A major hurdle in the development of robust drug manufacturing processes is the lack of rapid and reliable analytical methods. Understanding the impact of process parameters on the product’s critical quality attributes is often limited by the lack of well-established assays for novel therapeutic modalities.

Our analytical chromatographic methods are specifically developed for the identification and quantification of large biomolecules in complex mixtures. The methods are developed with a focus on speed, reliability and identification of a wide range of species in a single analytical run. Typically, the chromatographic methods’ analytical runtime is between five to twenty minutes. Comparison to lengthier established analytical methods assures comparability between results.

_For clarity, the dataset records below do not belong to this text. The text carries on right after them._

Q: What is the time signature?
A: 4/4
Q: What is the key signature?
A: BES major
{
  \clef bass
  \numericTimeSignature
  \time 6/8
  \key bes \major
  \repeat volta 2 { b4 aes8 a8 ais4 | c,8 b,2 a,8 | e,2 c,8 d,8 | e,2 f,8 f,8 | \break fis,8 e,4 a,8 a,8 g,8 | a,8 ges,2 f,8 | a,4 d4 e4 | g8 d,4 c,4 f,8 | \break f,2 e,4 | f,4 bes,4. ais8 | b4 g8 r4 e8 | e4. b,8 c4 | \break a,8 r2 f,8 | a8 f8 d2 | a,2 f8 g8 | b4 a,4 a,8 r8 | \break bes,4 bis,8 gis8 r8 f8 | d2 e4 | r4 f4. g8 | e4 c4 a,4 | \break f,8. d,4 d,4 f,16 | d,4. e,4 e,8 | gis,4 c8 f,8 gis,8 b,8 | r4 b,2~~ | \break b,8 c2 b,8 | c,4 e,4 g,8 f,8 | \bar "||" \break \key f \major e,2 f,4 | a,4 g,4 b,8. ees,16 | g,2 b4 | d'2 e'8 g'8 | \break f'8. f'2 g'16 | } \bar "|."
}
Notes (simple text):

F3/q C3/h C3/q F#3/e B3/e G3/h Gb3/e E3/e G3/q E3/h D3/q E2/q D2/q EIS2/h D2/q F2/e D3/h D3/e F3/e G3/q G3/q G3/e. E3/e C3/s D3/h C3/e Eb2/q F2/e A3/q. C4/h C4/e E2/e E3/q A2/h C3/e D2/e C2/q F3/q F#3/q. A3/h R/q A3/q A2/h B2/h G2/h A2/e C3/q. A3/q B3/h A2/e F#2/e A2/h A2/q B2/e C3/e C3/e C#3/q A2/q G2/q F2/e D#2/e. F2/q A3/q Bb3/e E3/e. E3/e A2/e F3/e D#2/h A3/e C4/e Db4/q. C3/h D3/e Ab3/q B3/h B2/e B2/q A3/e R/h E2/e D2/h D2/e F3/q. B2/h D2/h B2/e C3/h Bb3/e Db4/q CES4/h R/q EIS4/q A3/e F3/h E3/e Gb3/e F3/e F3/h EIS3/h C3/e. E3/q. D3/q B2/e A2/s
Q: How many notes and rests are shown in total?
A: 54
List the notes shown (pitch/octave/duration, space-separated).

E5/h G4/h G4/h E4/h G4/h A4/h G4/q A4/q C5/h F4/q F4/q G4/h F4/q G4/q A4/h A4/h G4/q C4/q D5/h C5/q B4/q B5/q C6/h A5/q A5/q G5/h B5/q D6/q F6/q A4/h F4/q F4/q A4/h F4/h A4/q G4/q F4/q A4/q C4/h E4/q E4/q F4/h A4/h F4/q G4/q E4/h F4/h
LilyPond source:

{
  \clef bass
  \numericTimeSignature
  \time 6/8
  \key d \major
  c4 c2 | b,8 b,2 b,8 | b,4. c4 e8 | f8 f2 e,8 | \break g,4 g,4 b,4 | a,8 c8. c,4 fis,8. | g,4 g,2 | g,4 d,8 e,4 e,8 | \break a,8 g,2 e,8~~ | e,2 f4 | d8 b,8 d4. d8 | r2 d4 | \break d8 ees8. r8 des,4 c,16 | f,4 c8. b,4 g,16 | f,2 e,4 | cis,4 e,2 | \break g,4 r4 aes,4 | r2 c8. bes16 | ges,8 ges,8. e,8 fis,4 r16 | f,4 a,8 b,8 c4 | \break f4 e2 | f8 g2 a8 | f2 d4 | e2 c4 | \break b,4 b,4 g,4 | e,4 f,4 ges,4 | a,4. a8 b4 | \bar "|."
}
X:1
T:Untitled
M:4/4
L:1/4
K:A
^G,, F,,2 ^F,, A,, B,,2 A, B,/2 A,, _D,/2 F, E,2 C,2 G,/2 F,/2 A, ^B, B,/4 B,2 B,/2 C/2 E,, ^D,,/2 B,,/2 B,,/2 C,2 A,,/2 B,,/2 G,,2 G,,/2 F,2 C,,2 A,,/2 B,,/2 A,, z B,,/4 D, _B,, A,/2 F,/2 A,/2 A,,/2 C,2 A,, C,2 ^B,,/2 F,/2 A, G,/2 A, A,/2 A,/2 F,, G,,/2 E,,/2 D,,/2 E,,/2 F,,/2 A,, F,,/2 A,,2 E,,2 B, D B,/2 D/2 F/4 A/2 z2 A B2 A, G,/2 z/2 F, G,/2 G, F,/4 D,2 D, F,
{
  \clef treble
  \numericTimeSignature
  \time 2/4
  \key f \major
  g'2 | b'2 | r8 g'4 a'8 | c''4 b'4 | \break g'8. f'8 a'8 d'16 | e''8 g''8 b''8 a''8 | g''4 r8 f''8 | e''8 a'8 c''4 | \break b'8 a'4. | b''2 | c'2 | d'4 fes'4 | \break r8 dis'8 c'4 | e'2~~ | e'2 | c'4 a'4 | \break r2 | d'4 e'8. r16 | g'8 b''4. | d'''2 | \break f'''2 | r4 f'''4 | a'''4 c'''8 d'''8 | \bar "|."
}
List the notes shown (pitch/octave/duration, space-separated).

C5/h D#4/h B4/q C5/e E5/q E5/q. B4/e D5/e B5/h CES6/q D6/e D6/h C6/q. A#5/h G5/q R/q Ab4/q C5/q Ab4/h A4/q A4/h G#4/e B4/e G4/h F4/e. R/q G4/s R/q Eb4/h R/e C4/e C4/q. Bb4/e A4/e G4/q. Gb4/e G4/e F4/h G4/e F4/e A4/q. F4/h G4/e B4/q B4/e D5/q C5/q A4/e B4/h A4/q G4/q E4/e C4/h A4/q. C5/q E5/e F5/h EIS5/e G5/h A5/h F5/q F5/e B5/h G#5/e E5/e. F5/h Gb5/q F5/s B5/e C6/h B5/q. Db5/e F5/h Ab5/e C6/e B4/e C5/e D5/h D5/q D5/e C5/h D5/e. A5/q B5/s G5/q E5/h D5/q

The high cost of gene therapies is significantly driven by the lack of rapid and reliable analytics for process development and monitoring in the drug manufacturing process.

Our PATfix system, in combination with CIMac columns, provides cost-effective and time-efficient analytical methods for various biomolecules, including AAVs, pDNA, mRNA, LNPs, and others. It only takes twenty minutes to determine the ratio of empty/full AAV capsids and only eight minutes to quantify all nucleotides, capping reagents, and mRNA in IVT reactions.

Our AEX method for AAVs significantly reduces cost and turnaround time when compared to conventional methods such as ELISA, PCR, ultracentrifugation, AGE, and PAGE.

Effective collaboration among researchers is essential for advancing the understanding of complex gene therapy processes and for developing robust innovative analytical strategies. In large companies, departmental silos often hinder collaboration, making it difficult to integrate diverse analytical methods. Smaller companies, on the other hand, may lack the broad expertise needed.

Our Analytical Development team can bridge collaboration and expertise gaps in gene therapy and vaccine analytics. We have conducted over 100 early-stage feasibility studies and successfully transferred more than 30 processes for pDNA, mRNA, AAV, and other virus to customers’ GMP environment.

Our strong pipeline of analytical methods development, including a recent focus on LNPs, keeps us at the forefront of analytical innovation. We collaborate with universities and the biotech industry to develop and refine our PATfix analytical platforms through extensive testing of a diverse range of samples. With over 200 publications and novel application notes published in the last ten years, we are deeply committed to advancing chromatographic biomolecules analytics.

Regulatory requirements for viral vectors are becoming increasingly stringent. As analytical capabilities improve, regulators demand more effective monitoring and characterization of drug products.

Our innovative methods are verified through validation protocols following FDA and EMA guidelines, which include assessing specificity, confirming linearity, and determining the Limit of Detection (LOD) and Limit of Quantification (LOQ). We ensure the specificity, accuracy, precision, and robustness of the developed methods. Sample stability is rigorously tested to ensure reliable performance for the entire range of process conditions. By adhering to the validation protocols, we provide effective monitoring and characterization of process and product consistency, quality, safety, and meeting regulatory demands.